_WHAT YOU WILL DO:_ Pull every line that includes the word "Grand" from the data.

_DATA:_
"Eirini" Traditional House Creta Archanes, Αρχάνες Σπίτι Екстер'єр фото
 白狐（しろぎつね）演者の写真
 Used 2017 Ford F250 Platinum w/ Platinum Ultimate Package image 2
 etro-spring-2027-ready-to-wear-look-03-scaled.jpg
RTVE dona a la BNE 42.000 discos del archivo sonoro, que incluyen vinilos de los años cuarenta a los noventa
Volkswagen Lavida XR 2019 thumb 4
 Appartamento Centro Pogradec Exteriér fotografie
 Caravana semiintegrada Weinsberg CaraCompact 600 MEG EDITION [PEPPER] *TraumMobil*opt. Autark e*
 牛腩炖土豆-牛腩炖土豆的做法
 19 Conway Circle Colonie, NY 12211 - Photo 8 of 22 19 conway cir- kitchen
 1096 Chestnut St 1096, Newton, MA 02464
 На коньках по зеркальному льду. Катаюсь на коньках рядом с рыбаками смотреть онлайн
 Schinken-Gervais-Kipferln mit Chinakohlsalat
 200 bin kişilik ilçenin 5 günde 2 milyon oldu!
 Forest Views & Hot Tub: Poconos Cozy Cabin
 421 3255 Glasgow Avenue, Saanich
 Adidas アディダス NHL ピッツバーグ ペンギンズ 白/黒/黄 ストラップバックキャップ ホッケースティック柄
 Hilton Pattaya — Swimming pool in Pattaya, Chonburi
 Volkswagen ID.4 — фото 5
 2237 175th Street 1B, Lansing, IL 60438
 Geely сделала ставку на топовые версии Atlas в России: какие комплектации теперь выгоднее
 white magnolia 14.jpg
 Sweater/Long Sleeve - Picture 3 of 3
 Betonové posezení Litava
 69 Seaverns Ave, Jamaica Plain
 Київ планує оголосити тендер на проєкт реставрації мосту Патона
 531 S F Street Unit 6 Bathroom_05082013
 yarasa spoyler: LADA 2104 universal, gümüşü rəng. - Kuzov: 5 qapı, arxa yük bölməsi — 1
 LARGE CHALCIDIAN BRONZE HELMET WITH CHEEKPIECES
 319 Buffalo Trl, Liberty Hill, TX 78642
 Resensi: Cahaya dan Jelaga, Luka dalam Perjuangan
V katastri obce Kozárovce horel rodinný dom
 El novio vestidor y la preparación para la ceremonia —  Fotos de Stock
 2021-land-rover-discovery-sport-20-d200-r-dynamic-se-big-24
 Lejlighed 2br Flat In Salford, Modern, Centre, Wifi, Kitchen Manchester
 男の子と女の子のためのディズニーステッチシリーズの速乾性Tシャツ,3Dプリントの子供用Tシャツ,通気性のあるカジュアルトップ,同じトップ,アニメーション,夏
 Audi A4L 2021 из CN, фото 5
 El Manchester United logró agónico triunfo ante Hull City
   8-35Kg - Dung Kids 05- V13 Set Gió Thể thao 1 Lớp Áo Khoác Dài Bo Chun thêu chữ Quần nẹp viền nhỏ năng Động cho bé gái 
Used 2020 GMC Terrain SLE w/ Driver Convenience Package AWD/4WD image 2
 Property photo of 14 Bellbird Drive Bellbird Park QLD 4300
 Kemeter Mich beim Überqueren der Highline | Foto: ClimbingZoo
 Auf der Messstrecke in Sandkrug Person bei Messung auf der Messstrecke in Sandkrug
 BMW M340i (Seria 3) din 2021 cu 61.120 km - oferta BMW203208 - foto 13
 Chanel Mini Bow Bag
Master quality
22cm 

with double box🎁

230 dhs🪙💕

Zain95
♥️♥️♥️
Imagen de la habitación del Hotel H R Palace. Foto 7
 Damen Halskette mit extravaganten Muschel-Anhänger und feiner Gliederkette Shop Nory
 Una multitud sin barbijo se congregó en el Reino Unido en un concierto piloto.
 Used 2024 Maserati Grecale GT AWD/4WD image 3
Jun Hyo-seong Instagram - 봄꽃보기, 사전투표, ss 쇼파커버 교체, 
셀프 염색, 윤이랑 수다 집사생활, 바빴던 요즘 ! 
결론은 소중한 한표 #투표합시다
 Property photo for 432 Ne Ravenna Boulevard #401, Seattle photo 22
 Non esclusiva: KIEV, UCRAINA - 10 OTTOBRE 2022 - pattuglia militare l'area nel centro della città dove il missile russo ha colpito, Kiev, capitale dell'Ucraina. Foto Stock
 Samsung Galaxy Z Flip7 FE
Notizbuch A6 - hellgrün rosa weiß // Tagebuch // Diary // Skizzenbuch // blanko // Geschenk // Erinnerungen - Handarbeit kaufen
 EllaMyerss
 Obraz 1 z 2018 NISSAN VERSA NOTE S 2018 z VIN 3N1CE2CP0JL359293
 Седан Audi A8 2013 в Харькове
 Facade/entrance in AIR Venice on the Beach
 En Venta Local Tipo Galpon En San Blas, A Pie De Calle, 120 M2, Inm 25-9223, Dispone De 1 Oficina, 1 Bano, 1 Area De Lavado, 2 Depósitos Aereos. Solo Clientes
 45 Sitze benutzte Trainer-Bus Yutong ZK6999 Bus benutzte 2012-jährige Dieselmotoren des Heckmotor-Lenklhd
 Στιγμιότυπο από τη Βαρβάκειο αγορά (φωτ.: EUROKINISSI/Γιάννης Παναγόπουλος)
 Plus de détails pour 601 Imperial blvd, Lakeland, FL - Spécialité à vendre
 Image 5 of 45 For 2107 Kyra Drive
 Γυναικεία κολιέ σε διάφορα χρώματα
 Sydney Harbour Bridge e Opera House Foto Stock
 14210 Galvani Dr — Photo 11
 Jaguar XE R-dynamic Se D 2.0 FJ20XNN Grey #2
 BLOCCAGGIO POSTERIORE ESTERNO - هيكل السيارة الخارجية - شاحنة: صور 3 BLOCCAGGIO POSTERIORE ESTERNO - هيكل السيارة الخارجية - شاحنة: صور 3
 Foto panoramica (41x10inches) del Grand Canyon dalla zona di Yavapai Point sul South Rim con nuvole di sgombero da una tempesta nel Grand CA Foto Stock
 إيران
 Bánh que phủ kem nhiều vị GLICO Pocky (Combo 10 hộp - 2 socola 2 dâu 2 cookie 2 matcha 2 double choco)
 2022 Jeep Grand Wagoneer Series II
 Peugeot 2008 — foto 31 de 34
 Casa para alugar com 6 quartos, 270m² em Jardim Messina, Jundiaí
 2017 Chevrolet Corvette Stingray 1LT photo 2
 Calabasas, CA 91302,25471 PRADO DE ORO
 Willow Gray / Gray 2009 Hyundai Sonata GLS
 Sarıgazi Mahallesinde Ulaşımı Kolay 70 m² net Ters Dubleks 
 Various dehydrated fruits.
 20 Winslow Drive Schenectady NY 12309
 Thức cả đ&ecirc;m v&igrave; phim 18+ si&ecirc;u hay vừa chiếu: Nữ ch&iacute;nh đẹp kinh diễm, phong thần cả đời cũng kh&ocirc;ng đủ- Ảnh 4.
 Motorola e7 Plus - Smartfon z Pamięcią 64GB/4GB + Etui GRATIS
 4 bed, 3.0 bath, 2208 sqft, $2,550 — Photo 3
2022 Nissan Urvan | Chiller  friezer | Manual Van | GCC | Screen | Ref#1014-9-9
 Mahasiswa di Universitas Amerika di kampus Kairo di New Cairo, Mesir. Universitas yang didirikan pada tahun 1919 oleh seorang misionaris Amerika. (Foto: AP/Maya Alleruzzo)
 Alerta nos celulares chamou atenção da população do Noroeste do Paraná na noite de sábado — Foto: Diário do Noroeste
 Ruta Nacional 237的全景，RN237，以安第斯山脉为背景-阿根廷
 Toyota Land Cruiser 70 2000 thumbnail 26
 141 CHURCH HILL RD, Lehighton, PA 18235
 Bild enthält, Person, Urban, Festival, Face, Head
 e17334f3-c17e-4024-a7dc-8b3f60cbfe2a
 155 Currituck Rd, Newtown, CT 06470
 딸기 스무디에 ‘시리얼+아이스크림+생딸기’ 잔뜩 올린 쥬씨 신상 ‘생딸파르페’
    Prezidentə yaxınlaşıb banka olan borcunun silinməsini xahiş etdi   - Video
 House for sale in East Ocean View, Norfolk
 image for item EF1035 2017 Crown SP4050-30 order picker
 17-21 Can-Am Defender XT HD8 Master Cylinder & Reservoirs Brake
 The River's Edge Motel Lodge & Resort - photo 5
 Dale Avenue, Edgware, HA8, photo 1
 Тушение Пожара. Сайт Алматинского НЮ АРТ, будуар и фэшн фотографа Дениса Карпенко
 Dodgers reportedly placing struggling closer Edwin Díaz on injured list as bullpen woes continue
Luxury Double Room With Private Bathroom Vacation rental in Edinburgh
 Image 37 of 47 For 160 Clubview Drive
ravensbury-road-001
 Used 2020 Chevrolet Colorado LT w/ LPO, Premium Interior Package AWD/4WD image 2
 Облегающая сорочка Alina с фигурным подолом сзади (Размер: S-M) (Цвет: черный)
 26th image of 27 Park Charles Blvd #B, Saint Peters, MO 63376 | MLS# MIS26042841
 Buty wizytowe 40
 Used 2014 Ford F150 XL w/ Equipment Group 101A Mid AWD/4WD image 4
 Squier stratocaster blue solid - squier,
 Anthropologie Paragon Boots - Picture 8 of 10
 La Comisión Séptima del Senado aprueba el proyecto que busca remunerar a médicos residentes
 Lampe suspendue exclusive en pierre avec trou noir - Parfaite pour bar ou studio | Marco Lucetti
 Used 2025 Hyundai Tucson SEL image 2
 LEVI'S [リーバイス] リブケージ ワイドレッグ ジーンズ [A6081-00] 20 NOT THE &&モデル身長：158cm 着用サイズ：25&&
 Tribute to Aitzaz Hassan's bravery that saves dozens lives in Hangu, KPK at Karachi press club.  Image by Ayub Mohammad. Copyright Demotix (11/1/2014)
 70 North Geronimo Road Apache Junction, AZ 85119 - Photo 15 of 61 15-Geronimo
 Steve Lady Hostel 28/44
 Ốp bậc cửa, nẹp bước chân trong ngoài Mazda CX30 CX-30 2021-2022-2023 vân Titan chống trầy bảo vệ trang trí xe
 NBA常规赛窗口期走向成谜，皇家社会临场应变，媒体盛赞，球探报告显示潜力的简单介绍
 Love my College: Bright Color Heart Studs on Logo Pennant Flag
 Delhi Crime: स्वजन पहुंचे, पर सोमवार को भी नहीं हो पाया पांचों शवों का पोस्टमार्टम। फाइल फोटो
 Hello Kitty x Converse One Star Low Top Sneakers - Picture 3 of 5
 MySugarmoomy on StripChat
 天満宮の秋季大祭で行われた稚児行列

_YOUR RESPONSE:_
 Foto panoramica (41x10inches) del Grand Canyon dalla zona di Yavapai Point sul South Rim con nuvole di sgombero da una tempesta nel Grand CA Foto Stock
 2022 Jeep Grand Wagoneer Series II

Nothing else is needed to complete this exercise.